In the Greek world, science was episteme, the highest type of knowledge.

  • Plato believed episteme was self-knowledge of the intelligible, eternal, and immutable world.
  • Aristotle considered episteme the supreme level of knowledge or wisdom.

Science and philosophy were kinds of knowledge with pretensions of universality, necessity, immutability, and eternity.

The Scientific Revolution

The notion of modern science emerged during the Renaissance with the Scientific Revolution. This era marked the divergence of science and philosophy. The two elements that distinguish scientific knowledge from philosophical knowledge were experimentation and the application of mathematics. Experimentation involves a set of activities properly planned with the help of mathematical formulas. The goal of scientific knowledge is not to determine what things are, but how they behave.

Is Science Philosophy?

One could say that philosophy is a rigorous science of understanding. However, philosophy is not science as we understand it today.

Types of Science

A field becomes a science when it defines its object of study and, especially, when it proposes its own method. The characteristic that essentially defines a science is its method—a pre-planned, organized way of thinking and acting aimed at achieving a specific end.

Method of Formal Sciences

Formal sciences refer to the formal way of reasoning. The two types of demonstration are deduction and induction.

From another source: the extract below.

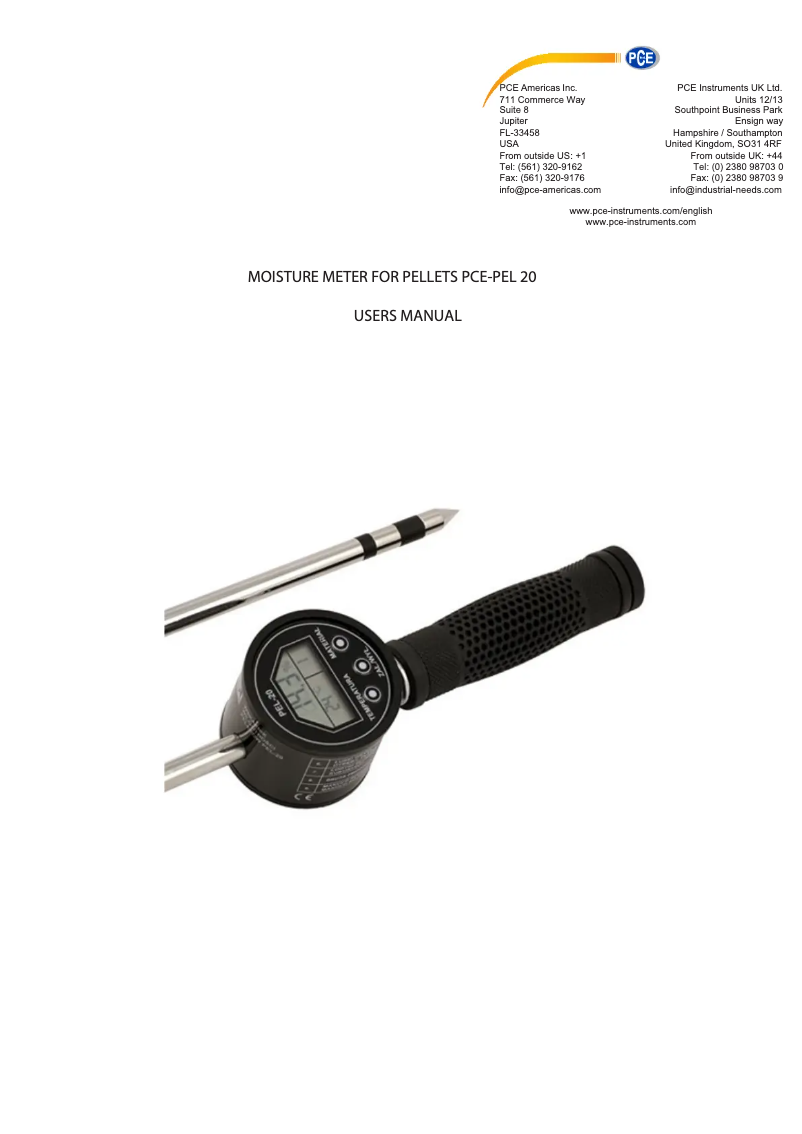 Page n°1 - Manuel utilisateur PCE Instruments PCE-PEL 20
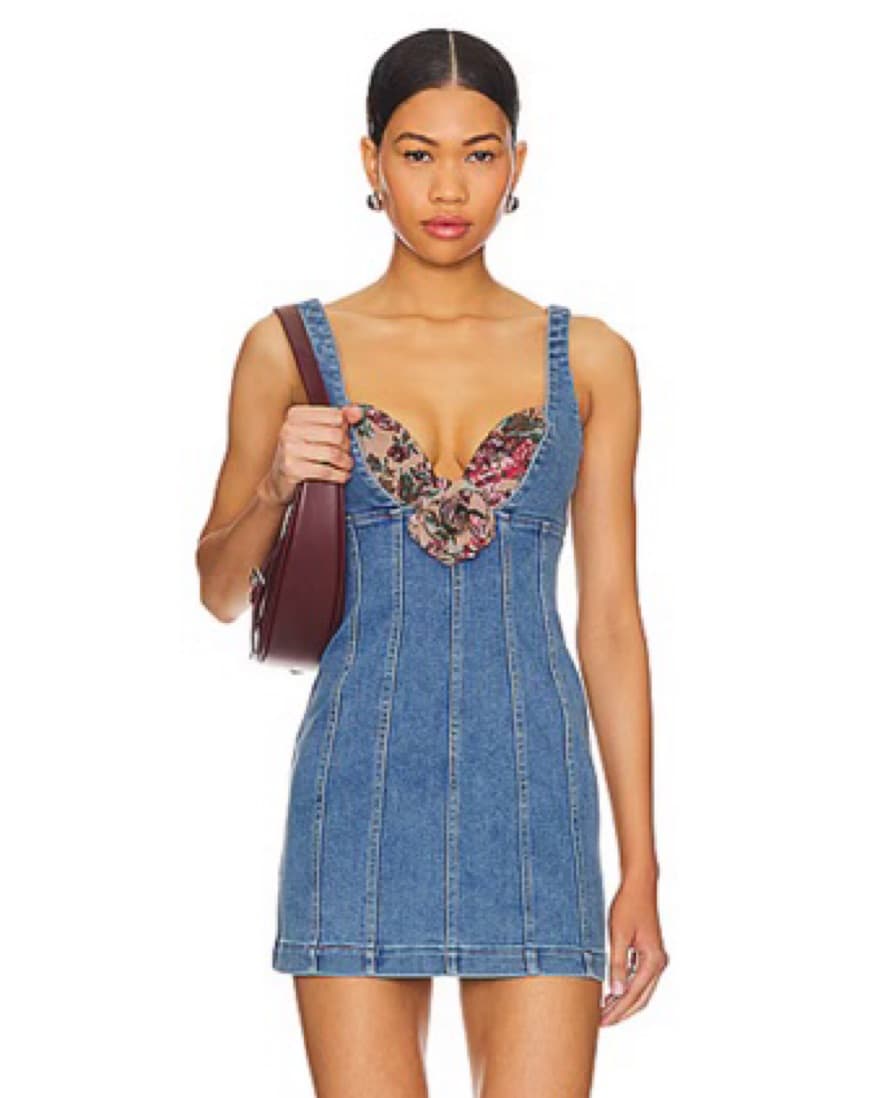 Majorelle Denim Floral Mini Dress - Image 1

  • Deduction is used in both formal and empirical science. Deduction derives a conclusion from premises.
  • The ideal methodology for formal sciences is the axiomatic system. Axioms are fundamental, undemonstrable principles. Rules within the system allow for the formation and transformation of axioms. Theorems are statements obtained deductively from axioms or other already proven theorems.

Method of Natural Sciences

Natural sciences have used inductive proof. The complete method of natural science is called the hypothetico-deductive method because it combines induction and deduction.

Inductive Proof

Induction is a type of reasoning where a conclusion is obtained from a series of individual cases known through experience.

  • Complete induction starts with knowledge of every single case occurring in an area.
  • Incomplete induction relies on a series of individual tests, not including all possible cases.

Hypothetico-Deductive Method

This method is structured in three levels:

  • Protocol statements express phenomena in the world capable of being empirically observed.
  • Laws are universal statements expressing regular and unchanging relationships between specific events. Before a statement can be considered a universal law of nature, it is a hypothesis—an unverified statement. If experience confirms it, it becomes a law.
  • Theories are universal statements from which all the laws of a particular science can be deduced.

The steps of the hypothetico-deductive method are:

  1. Observation/Experimentation
  2. Formulating one or more explanatory hypotheses
  3. Expressing the hypothesis mathematically
  4. Subjecting the consequences to verification (verification and falsification)
  5. Accepting the hypothesis as a law

Method of Social Sciences

The purpose of social science is to understand social reality.

Features:

  • Lower predictive ability than natural sciences.
  • Lower generalization ability than natural sciences.
  • Evaluative neutrality is impossible.

Its methods are:

  • Empirical: Seeks the unity of science, applying the methods of natural sciences to social sciences.
  • Hermeneutics: Considers social sciences as having a different status and requiring a distinct methodology.

Two methodological approaches:

  • Explaining a phenomenon
  • Understanding an event by capturing its meaning within a context

Techniques of social sciences can be quantitative and qualitative.